Das Konzept "Nur Ja heißt Ja" versucht einen anderen Blick auf sexuelle Handlungen zu werfen und dass die Grenze zwischen Sex und Übergriff nicht auf Abwehr beruhen soll. "Ja heißt Ja" ist die Folgeforderung von "Nein heißt Nein", mit dieser sollte noch klargemacht werden: Ein Nein muss reichen. Man muss jemanden nicht mit aller Kraft wegschieben müssen oder sich aus einer Umarmung winden, dass beim anderen ankommt, dass man etwas nicht möchte.

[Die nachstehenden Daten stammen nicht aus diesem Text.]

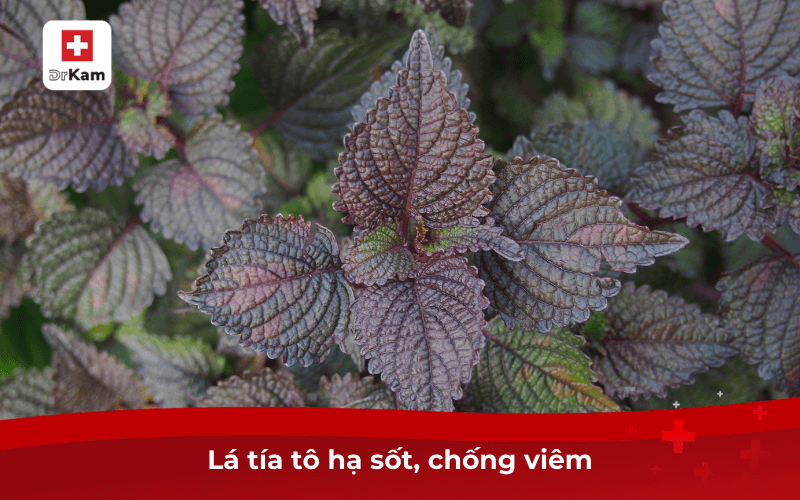 10 mẹo dân gian chữa bệnh chân tay miệng nhanh chóng 4 Lá tía tô hạ sốt, chống viêm
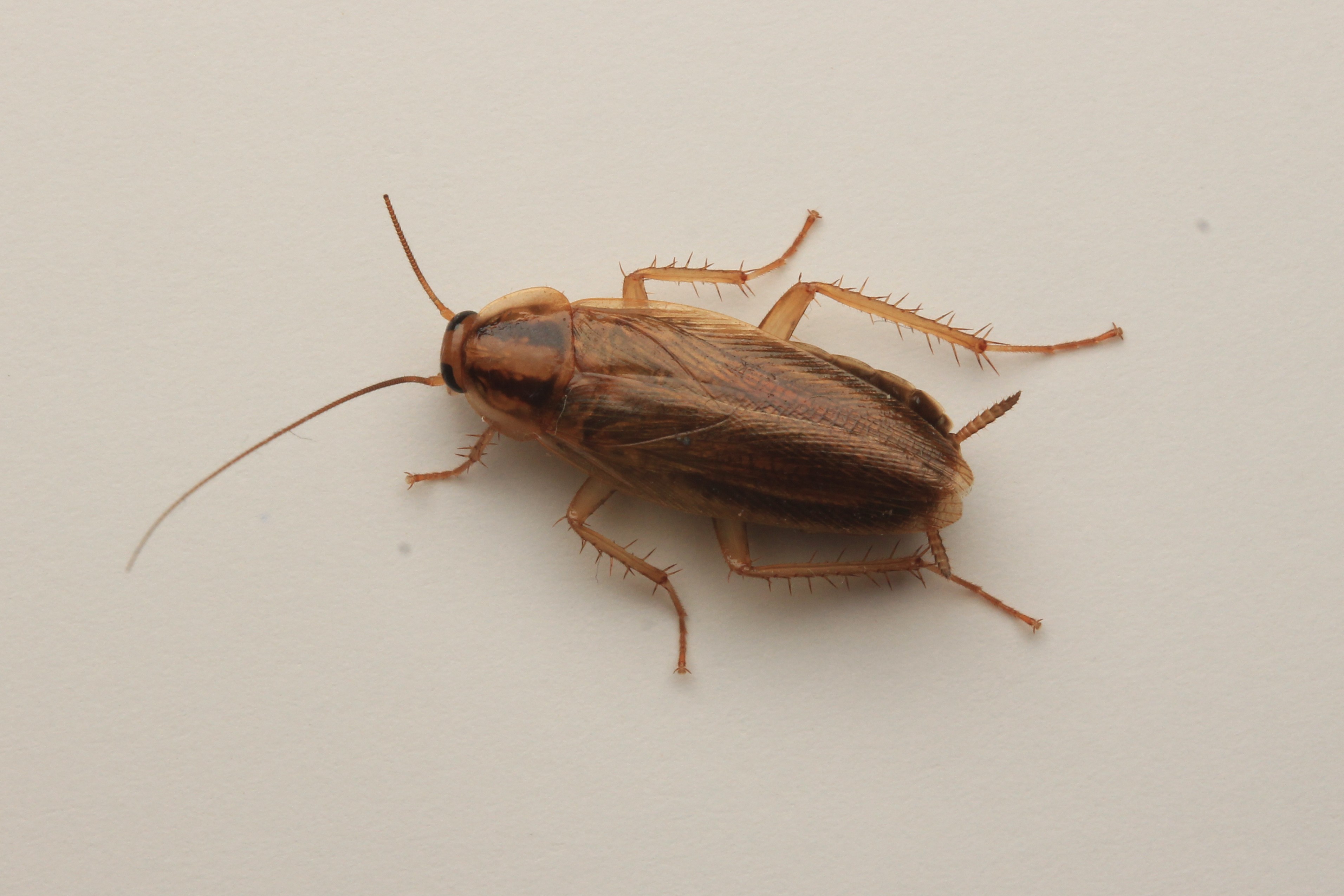 Cockroach Exterminator realistic photo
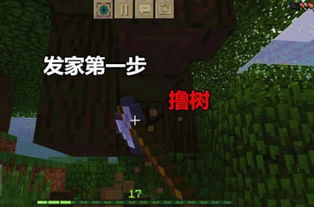 mc网游,探索魔兽世界怀旧服熔火之心副本——MC攻略全解析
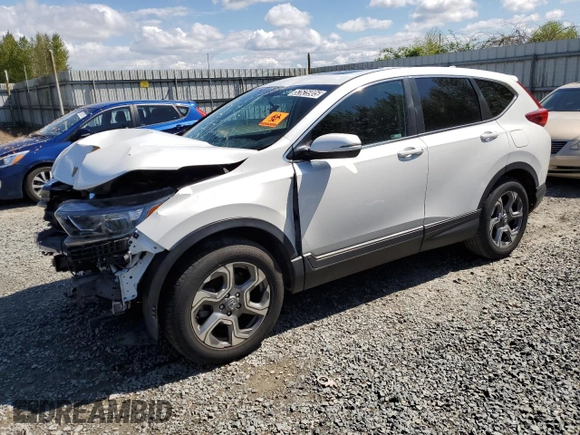 2019 Honda CR-V EX with VIN 2HKRW2H59KH631918, listed as a Copart auction lot 52625905 with 0 mi miles and Clean Title. Bid and sale history available at carsss.com. Image 1.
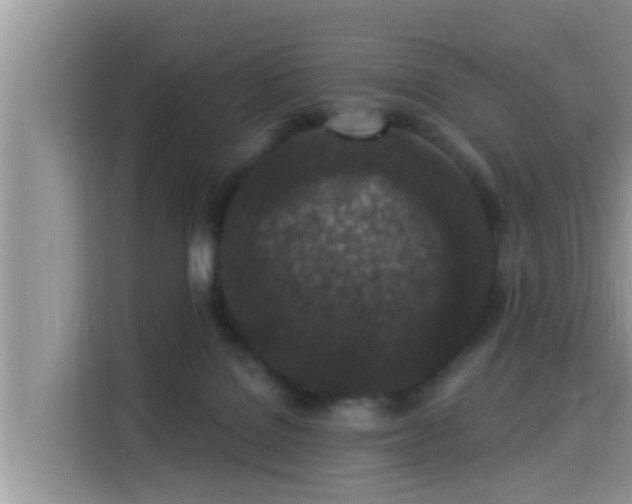 X0000115290076200911091000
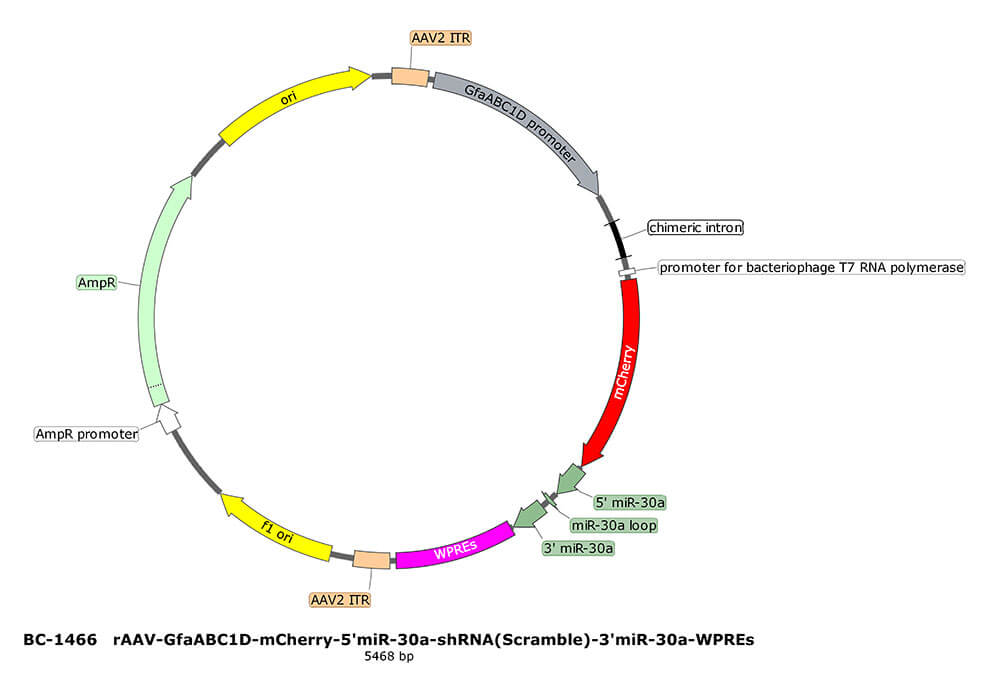 rAAV-GfaABC1D-mCherry-5'miR-30a-shRNA(Scramble)-3'miR-30a
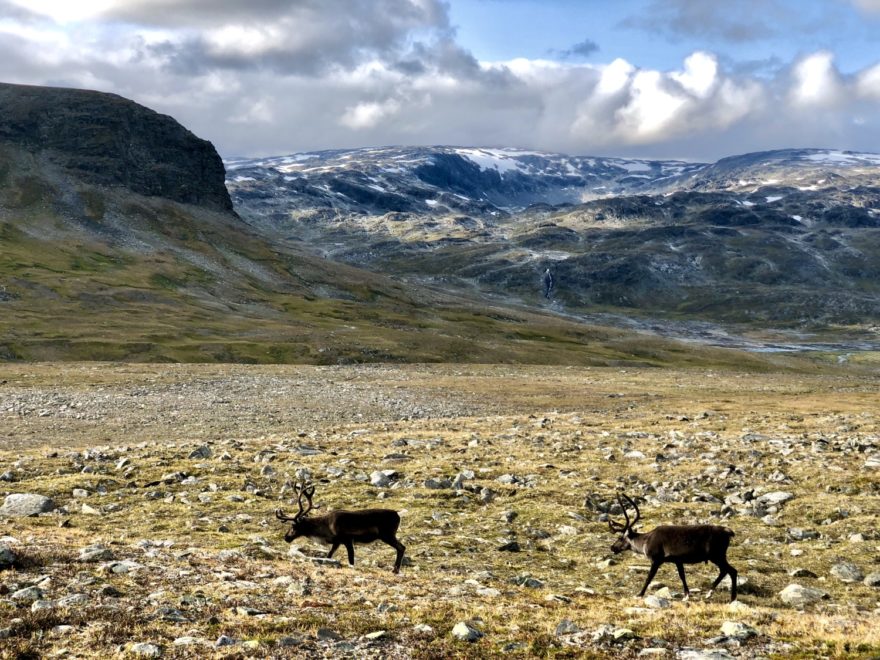 Kungsleden, Švédsko, autor: Petr Novotný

Ein schlichtes Nein oder eine andere Abwehr, die nicht physischer Natur sein muss, ist die Grenze.

Keine Reaktion möglich

Doch es hat sich gezeigt, dass das gerade bei sexualisierten Übergriffen nicht so leicht ist. Betroffene fühlen sich – insbesondere wenn es ein Machtverhältnis gibt – oft von der Situation völlig überfordert und können nicht reagieren. Fachleute sprechen diesbezüglich von "Freezing", also das völlige Erstarren in einer Gewaltsituationen – und den Opfern weder eine verbale oder physische Abwehr möglich ist. Das ist eine Reaktion auf eine akute Bedrohung von der Betroffene von sexualisierter Gewalt oft berichten. Psychiater:innen erklären das mit einer unbewussten Risikoabwägung bei Gefahr.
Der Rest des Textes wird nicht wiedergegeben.